La prolificità di Joe Bonamassa è un dato di fatto incontrovertibile. Ogni anno, le uscite a suo nome, sia che si tratti di dischi solisti, dischi live, collaborazioni con Beth Hart, comparsate in lavori altrui (il tributo di Mahalia Barnes a Betty Davis, a esempio) o progetti paralleli (l’eccitante avventura Black Country Communion, prima interrotta e poi ripresa, e l’ecletttico divertissement con i Rock Candy Funk Party), ammontano come minimo a tre (nel 2018 due dischi sono già usciti, e questo è il terzo).

A fronte di un così cospicuo numero di pubblicazioni, bisogna dire che il chitarrista newyorkese ha sempre mantenuto, però, un ottimo livello qualitativo. Certo, a meno che non siate fans, non tutte queste uscite sono imprescindibili; tuttavia, è indubbio, che Bonamassa sia uno dei pochi musicisti al mondo capace di abbinare una variegata e numericamente consistente produzione, a straordinarie performance live (l’ultimo British Blues Explotion) e centratissimi dischi in studio.

Questo Redemption arriva due anni dopo Blues Of Desperation, continuandone la narrazione, dando cioè grande spolvero a quel rock blues che il chitarrista è capace di declinare in tutte le diverse accezioni. Anche in questo nuovo lavoro, Bonamassa dimostra di essere una macchina da guerra, in grado di maneggiare la materia con la consueta autorevolezza tecnica e con quella passione che ancora oggi lo fa suonare come un ragazzino carico di entusiasmo.

L’impressione, poi, è che il buon Joe stia molto migliorando anche nelle parti cantate e che abbia asciugato il suo stile, evitando eccessivi virtuosismi fini a sé stessi, cosa che nella prima parte della carriera adombrava il suo indubbio talento. Insomma, Redemption è un disco veramente riuscito, che non presenta novità per chi già conosce il menù della casa, ma che conferma come Bonamassa sia uno dei migliori interpreti del genere.

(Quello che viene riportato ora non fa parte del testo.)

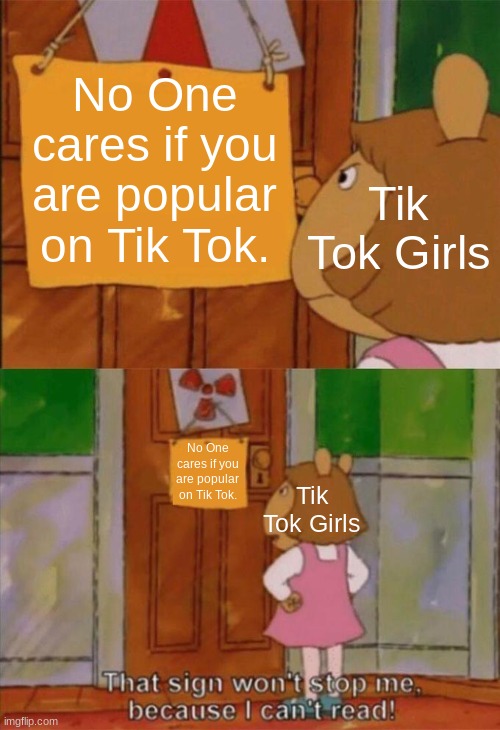 bro nobody cares. | No One cares if you are popular on Tik Tok. Tik Tok Girls; No One cares if you are popular on Tik Tok. Tik Tok Girls | image tagged in dw sign won't stop me because i can't read,memes,funny,gifs | made w/ Imgflip meme maker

Si gode, quindi, e non poco, a partire dall’iniziale Evil Mama, attacco di batteria zeppeliniana, robusto arrangiamento con sezione fiati e coro femminile, groove funky e una serie di assoli da standing ovation. Una partenza a raffica, ribadita dalla successiva ed eccitante derapata boogie di King Bee Shakedown e dall’approccio hard della muscolare Molly O’, retaggio evidente della militanza con i Black Country Communion.

Se alcuni momenti, pur strutturati, restano solo dei buoni esempi di rock dall’impatto molto radiofonico (Deep In The Blues Again), Bonamassa dimostra però grande dimestichezza quando si cimenta con un suono più classico e di derivazione chicagoana, come in Just ‘Cos You Can Don’t Mean You, I’ve Got Some Mind Over What Matters e la travolgente Love Is A Gamble (con uno sfoggio di sudore e tecnica da par suo), o tenta strade meno immediate, come nella più intima e raccolta Stronger Now In Broken Places o nella complessa ed evocativa Self-Inflicted Wounds.

Non c’è bisogno di aggiungere molto altro per raccontare un disco che se non esce da territori ormai abbondantemente esplorati, testimonia però l’evoluzione di un musicista che, nonostante sia tra i più acclamati chitarristi al mondo, non smette di crescere in termini qualitativi e di innervare il proprio lavoro di un ardore quasi commovente. Imperdibile per i fan, consigliatissimo ai patiti della sei corde.